Just thought I'd throw this out there and see everyone's reactions. Potentially triggering if you're a victim of recent unrequited love (like myself) or break up, or if are a sex/love addict.

Personally for me it totally makes me want to try this out... unfortunately I don't have a partner to do it with that I'd want to, or who would possibly be willing. That would probably be the problem, wouldn't it. :lol: Also bugs me that they note the original couple got married six months later but do not mention how well it panned out, or that it was conducted several times by several different types of varying participants (which should be included in a research study, I should think).

Other than that I like the idea of just being honest and vulnerable and also connected and engaged; we really lack that in a lot of our social interactions.

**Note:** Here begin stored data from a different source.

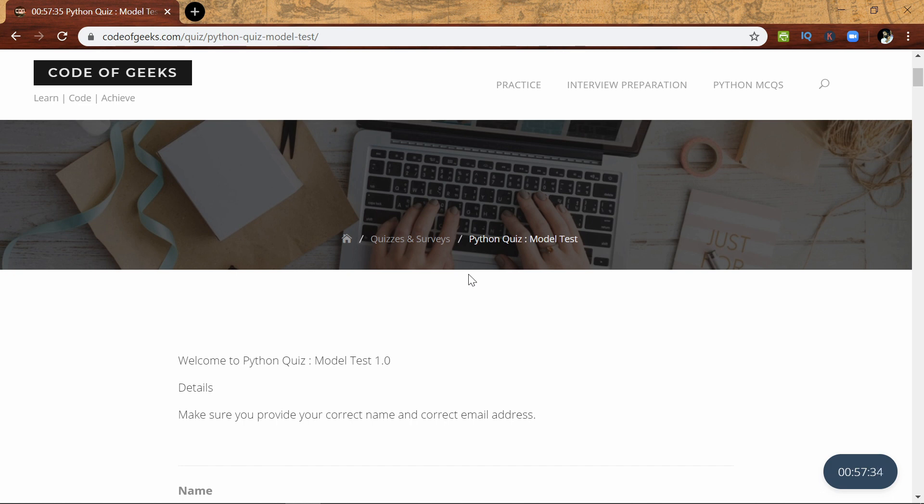Thank you for watching. Please subscribe to my channel and make sure you visit Code of Geeks. Thank you!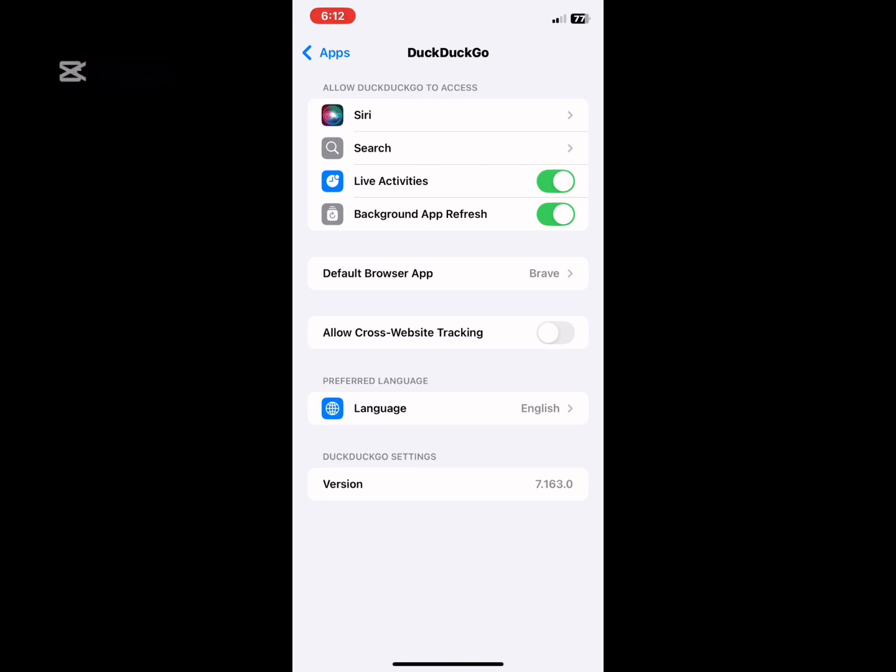Here you can turn it off or turn it on. Right here it will show you the things the DuckDuckGo app can do on your iOS. Thank you.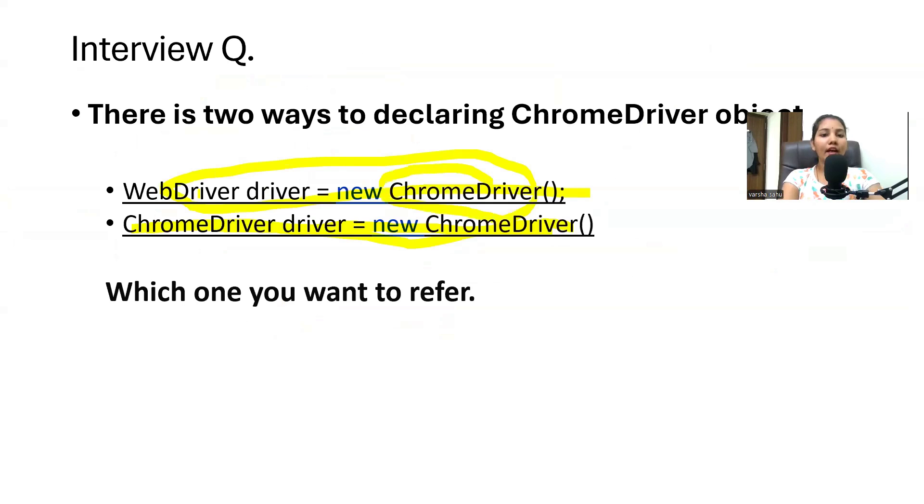I hope you understood something from this session. This quickly helps you understand the concept of how we invoke our Chrome browser in an automation script. This is how you can explain the internal functionality to your interviewer. Thanks for watching — if you are new to this channel please subscribe, and if you liked this video please give it a thumbs up. Thanks!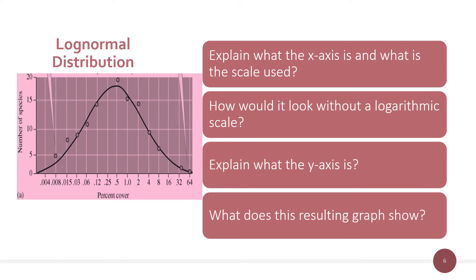It takes a bit to get your head around this lognormal distribution — spend some time with it and try drawing one. You should be able to explain what the x-axis is and what its scale means. The overall shape is like a bell-shaped curve — it's a normal distribution, but because the x-axis is logged, it's a lognormal distribution. Without a logarithmic scale, if you spread the x-axis on a numeric scale, the values would skew way out. The y-axis is just species richness — how many species had a given amount of cover. A lot of species had 0.5% cover, while only one species had 64% as a cover value.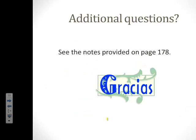If you have any additional questions, please see the notes provided in your textbook on page 178. I hope you have a great day. Hasta mañana.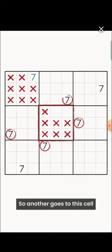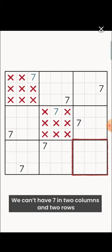Here, two rows and columns already contain seven, so another goes to this cell. Let's look at the bottom right block. We can't have seven in two columns and two rows, so it goes here.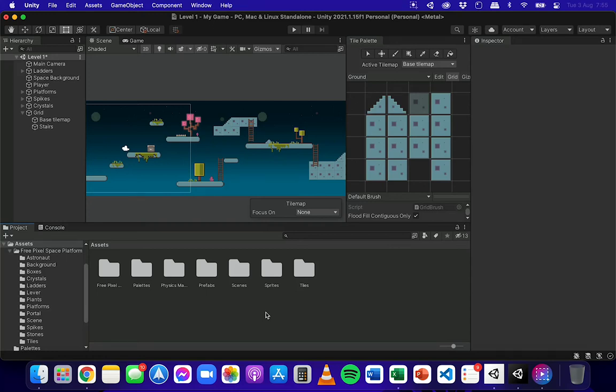Hi, in this video we're going to look at how to add colliders to tile maps in Unity.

The idea that it could also work to better foster platonic relationships appeals to me--it's like you can't lose just by trying it out.

Hope it doesn't make anyone depressed; I was a little miffed when I saw two of my best friend's ex-crushes/boyfriends (VERY hard to tell with that woman...) had liked the article (and are currently in a relationship themselves) but still, I do like the overall concept and thought it was interesting enough to share here.

Of course this doesn't have to do with sexuality... but for those of us, like myself, who rate romance on equal or higher level than sexuality, it absolutely does have to do with sexuality--it has to do with emotional/interpersonal intimacy, something a lot of us truly crave.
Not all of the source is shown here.